In 1849, British inventor Charles Brewster improved on Wheatstone’s mirror and prism stereoscope, with a smaller, lenticular device in which each eye viewed one of a stereo pair of images through a separate lens. In 1859, physician and photograph enthusiast Oliver Wendell Holmes, who is buried at Mount Auburn, invented an inexpensive, hand-held stereoscope that allowed the distance from the lens to the stereoview to be adjusted. Blinders on the sides of the stereoscope reduced the interference of peripheral views and light. Companies such as H. C. White Company prided themselves on the production of both stereoscopes and stereoviews. Mount Auburn’s Historical Collections & Archives houses a stereoscope by H. C. White as well as a captivating collection of more than four hundred stereoviews of the Cemetery, a collection that continues to grow through new acquisitions. 

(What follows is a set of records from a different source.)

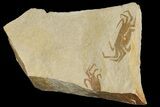 Two Miocene Pea Crab (Pinnixa) Fossils - California #177021-1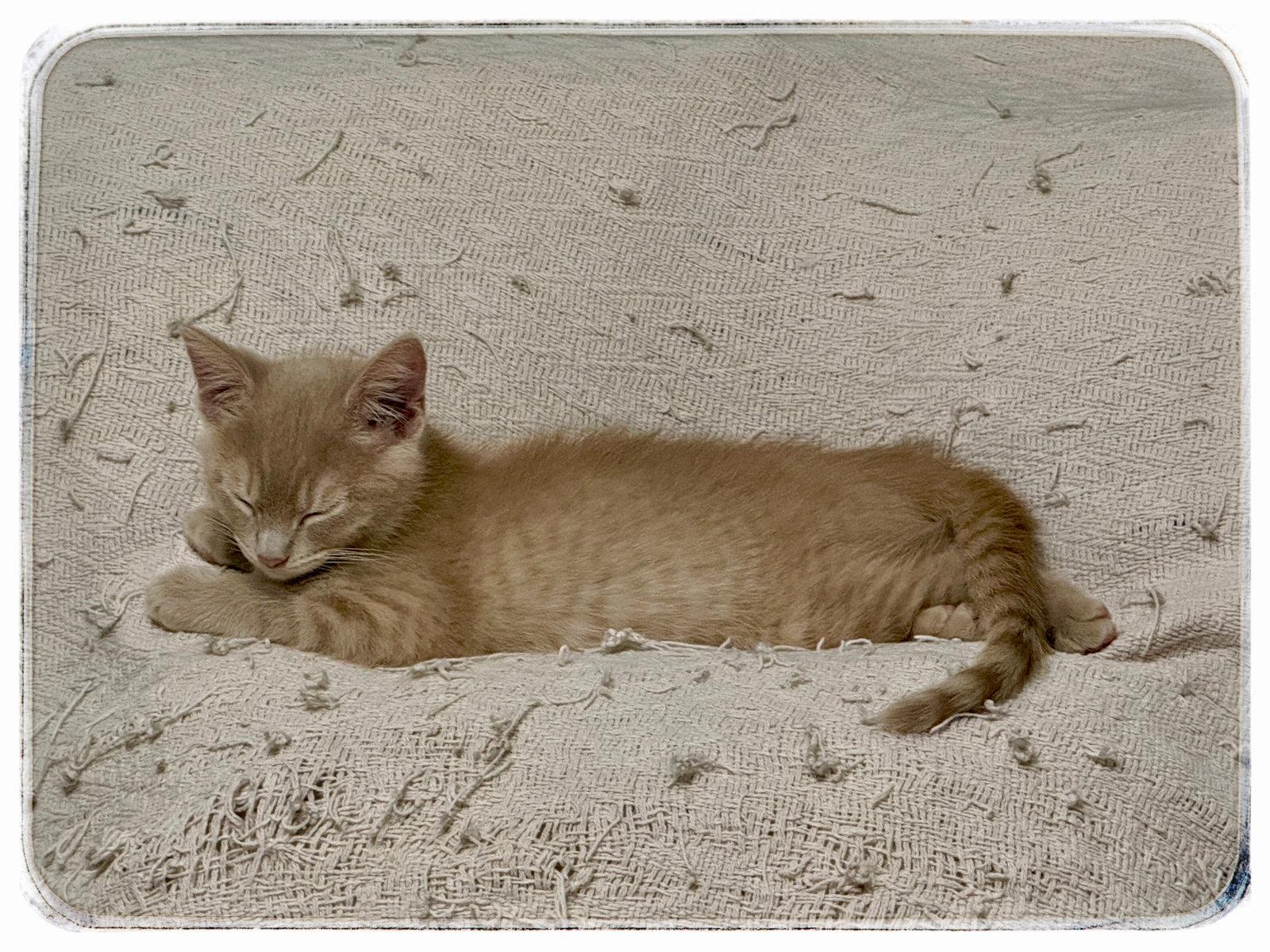 Sunny, Adoptable, Kitten Male American Shorthair.
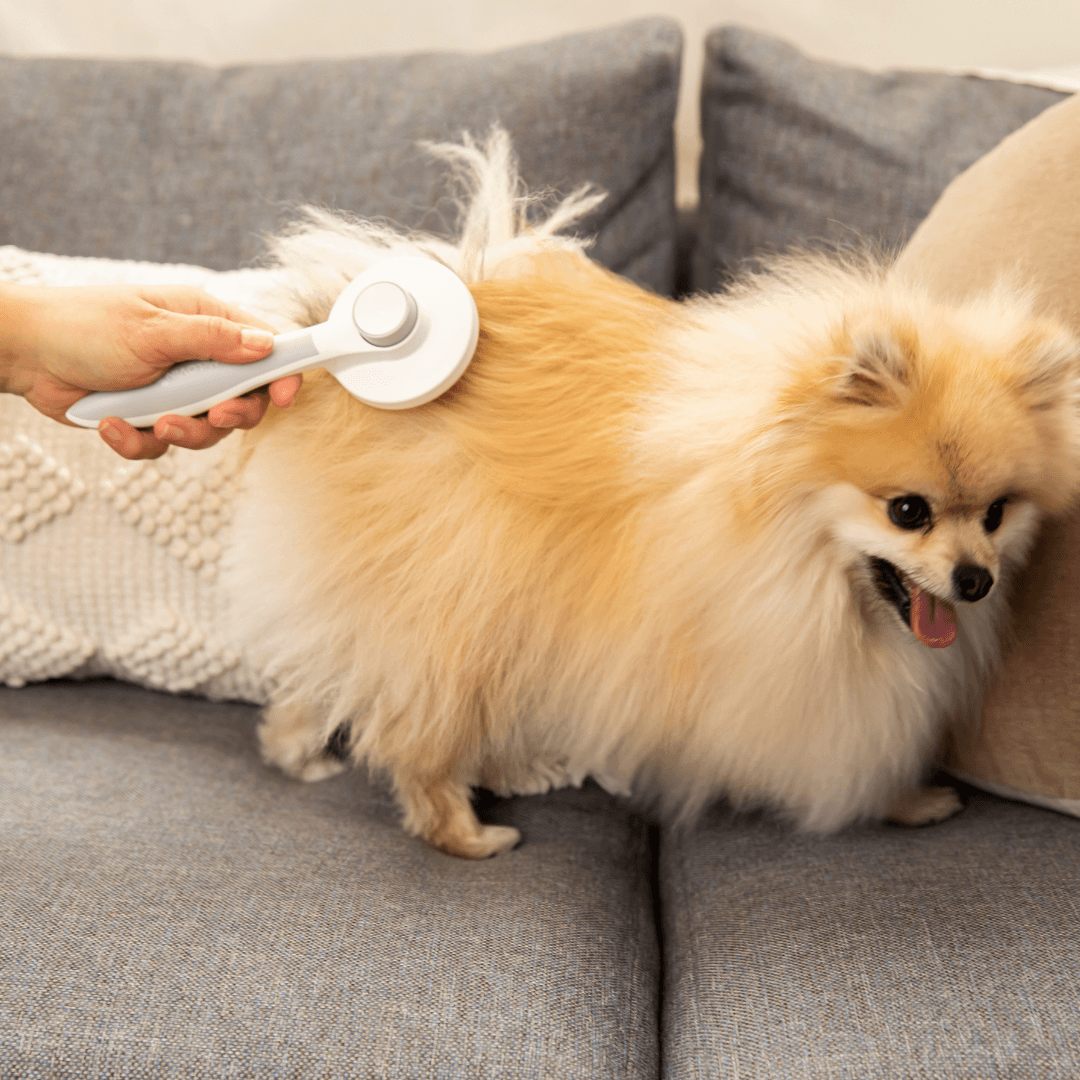 Retractable dog online brush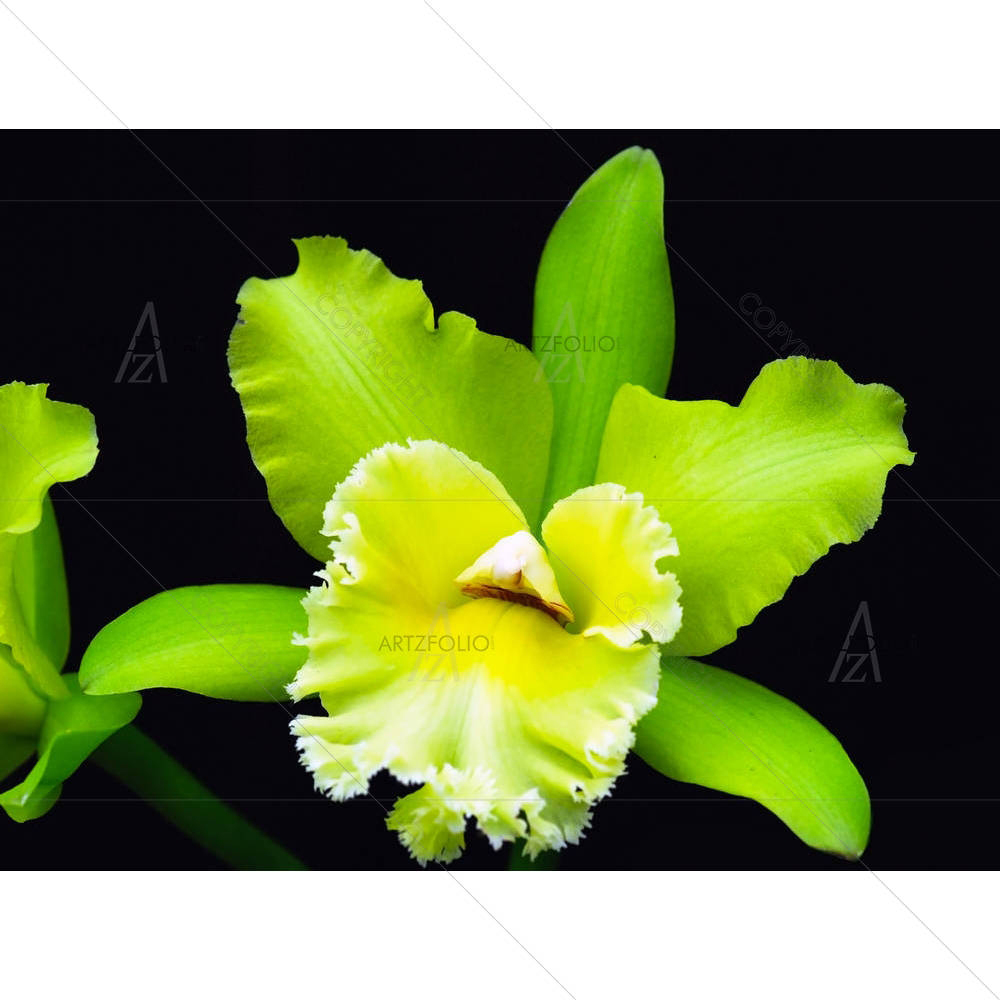 Orchid Flower D1 — custom-size art design 5005302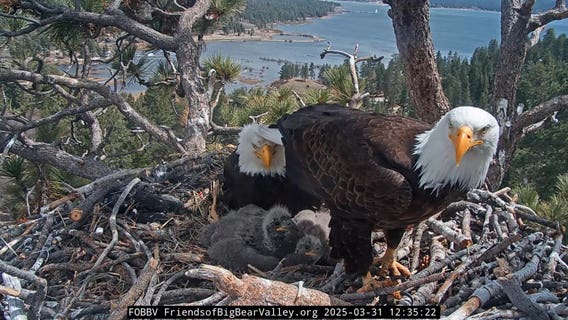 Big Bear's beloved bald eagle chicks have new names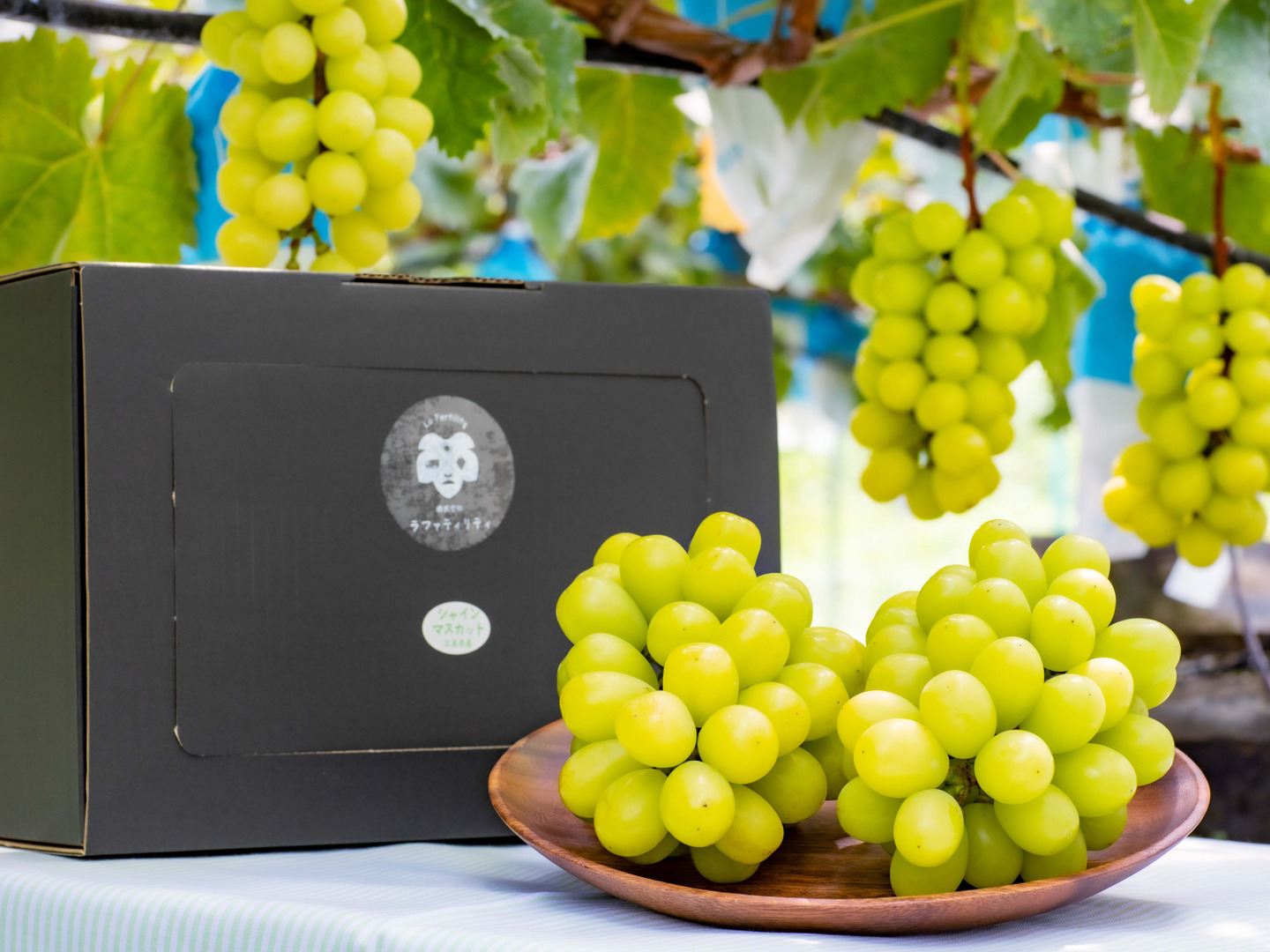 マスカット2500mlセット 楽天市場】シャインマスカット1房+シャインマスカットゼリー6個入り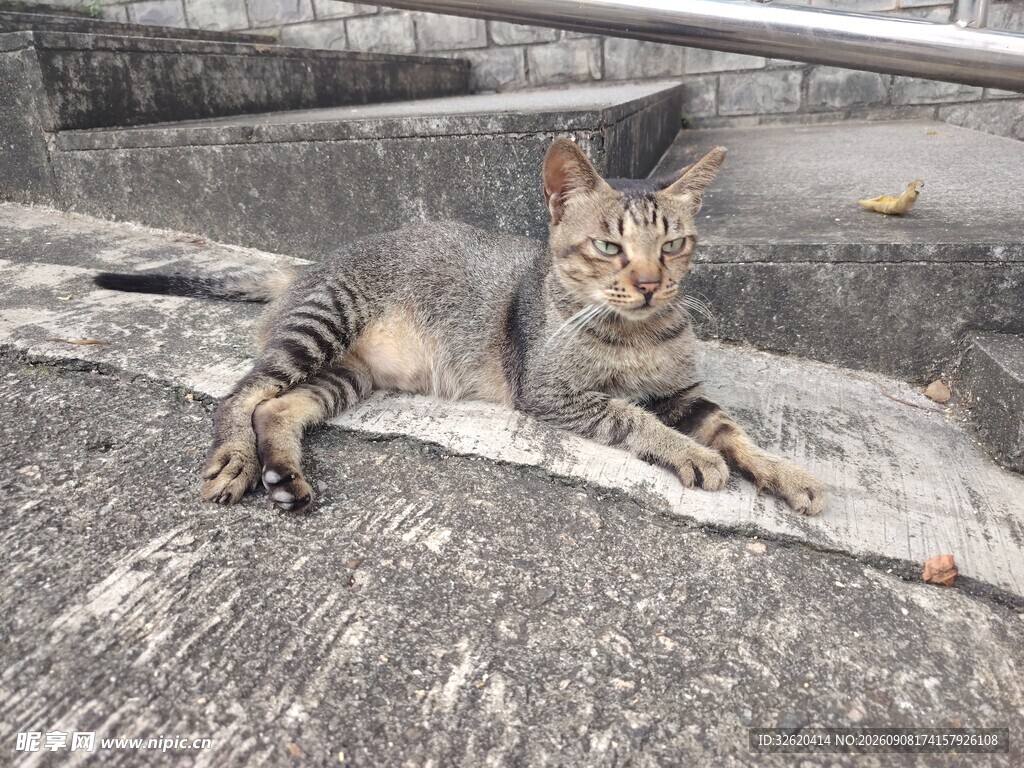 猫咪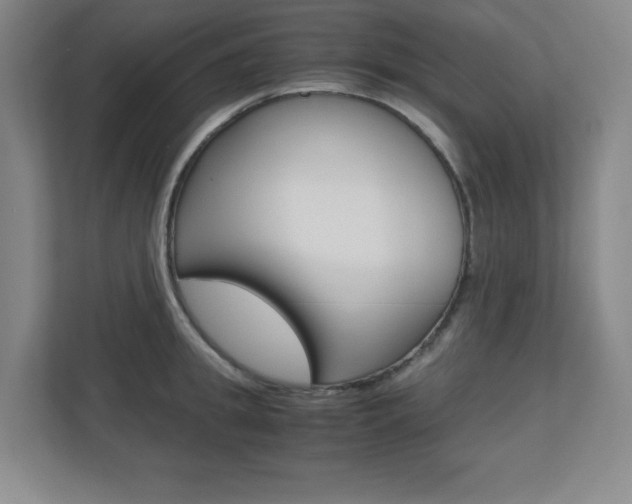 X0000110710949200906121053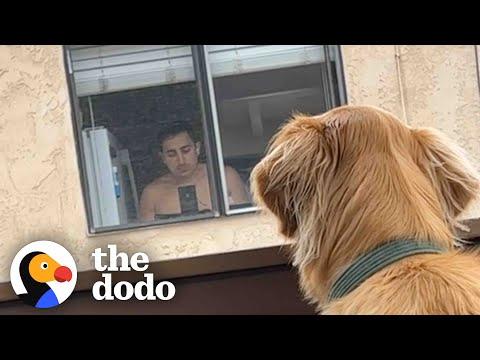 Golden Makes Friends With His Neighbor On The Opposite Balcony #Video
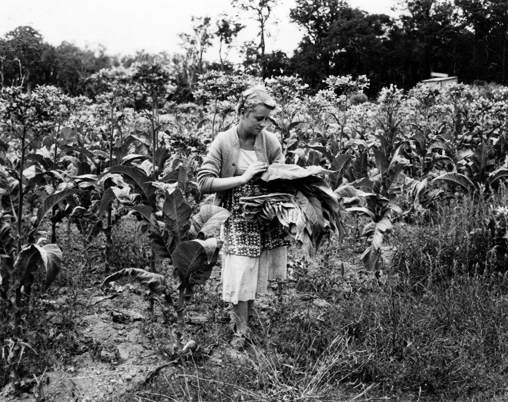 Tobacco Farm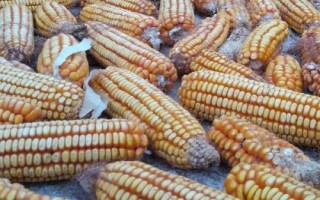 玉米晒干后能否用来打窝钓鱼，可以垂钓但效果不如嫩玉米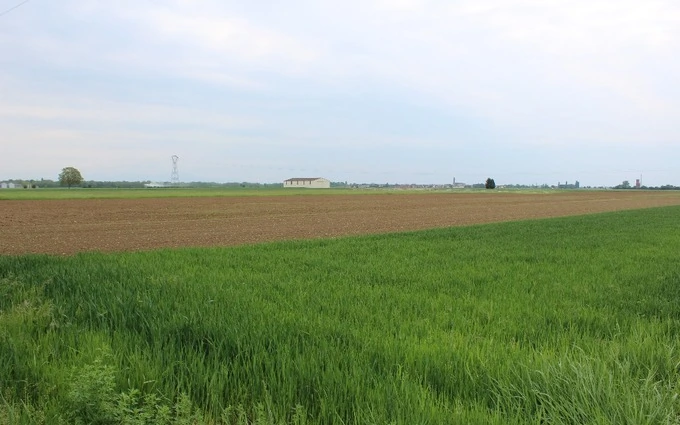 Programme immobilier neuf Raedler à Sainte-Croix-en-Plaine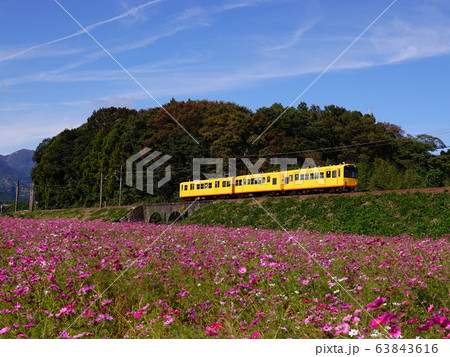 コスモス畑と三岐鉄道北勢線の列車風景 63843616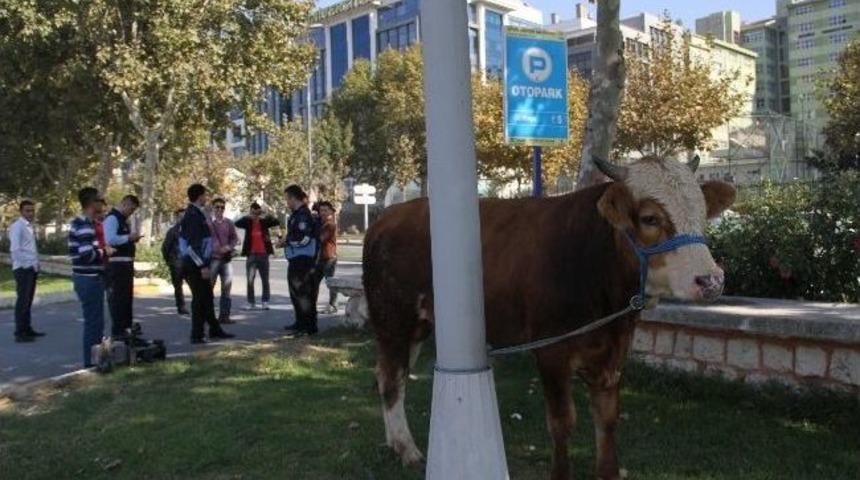 Kesime G&ouml;t&uuml;r&uuml;len Boğa Kamyonetten D&uuml;şt&uuml;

From the 1850s to the 1890s, stereoviews were typically produced as albumen prints made from glass-plate negatives. Usually adhered to card mounts, these stereo prints were referred to as both stereoviews or more specifically as stereographs. The mounts came in a range of colors from muted gray to vivid orange, and the prints were sometimes hand-colored through the application of paint. Multiple prints could be made from a single glass-plate negative, and stereo publishers produced and distributed millions of stereographs in the U.S. and abroad. Considered the educational and entertainment technology of its time, stereographs adorned classrooms and most household parlors. This popular and affordable cultural fixture offered three-dimensional views of noteworthy sites and subjects around the world, including Mount Auburn, which by the mid-eighteen hundreds had grown into an international tourist destination.

Asa Gray Garden.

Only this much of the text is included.